# Box Building 101



## funkpacket (Feb 13, 2004)

A "real wood" enclosure Its nice to know that car audio has yet to lose its ingenuity and class.....


----------



## Ninety-Nine SE-L (May 5, 2002)

That's not the sad part. The sad part is there are kids out there doing that actually consider something like that. I had a friend that did the same thing (except it wasn't round).


----------



## ga16freak (Dec 31, 2004)

OMFG i would be embarassed to open my trunk in public. That is the most ******* enclosure i haev seen in my life.
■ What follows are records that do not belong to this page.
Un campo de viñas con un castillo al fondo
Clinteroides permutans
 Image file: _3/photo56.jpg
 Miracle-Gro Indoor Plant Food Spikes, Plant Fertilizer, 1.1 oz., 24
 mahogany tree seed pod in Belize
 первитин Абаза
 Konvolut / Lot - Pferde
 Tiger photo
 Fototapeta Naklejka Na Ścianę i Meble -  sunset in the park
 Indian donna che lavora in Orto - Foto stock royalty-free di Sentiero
I thought the kid at my school bragging about lighning audio subs was bad enough but this tops it all.


----------



## Camarok (Feb 10, 2005)

uhmmm..... yeah.... I'd pay about $3,300 for that job, but not much more, oak maybe but not birch, maybe maple....
I think I've seen some deals with best buy saying they'll throw in the hollowed log for free with a purchase of 2 ultra-smasher boom audio subs, with bark surrounds and maple syrup coated terminals.


----------



## wickedsr20 (Aug 8, 2002)

That beats EVERY install story I have.


----------



## captain_shrapnel (Sep 10, 2004)

Who ever did that should just kill themself.


----------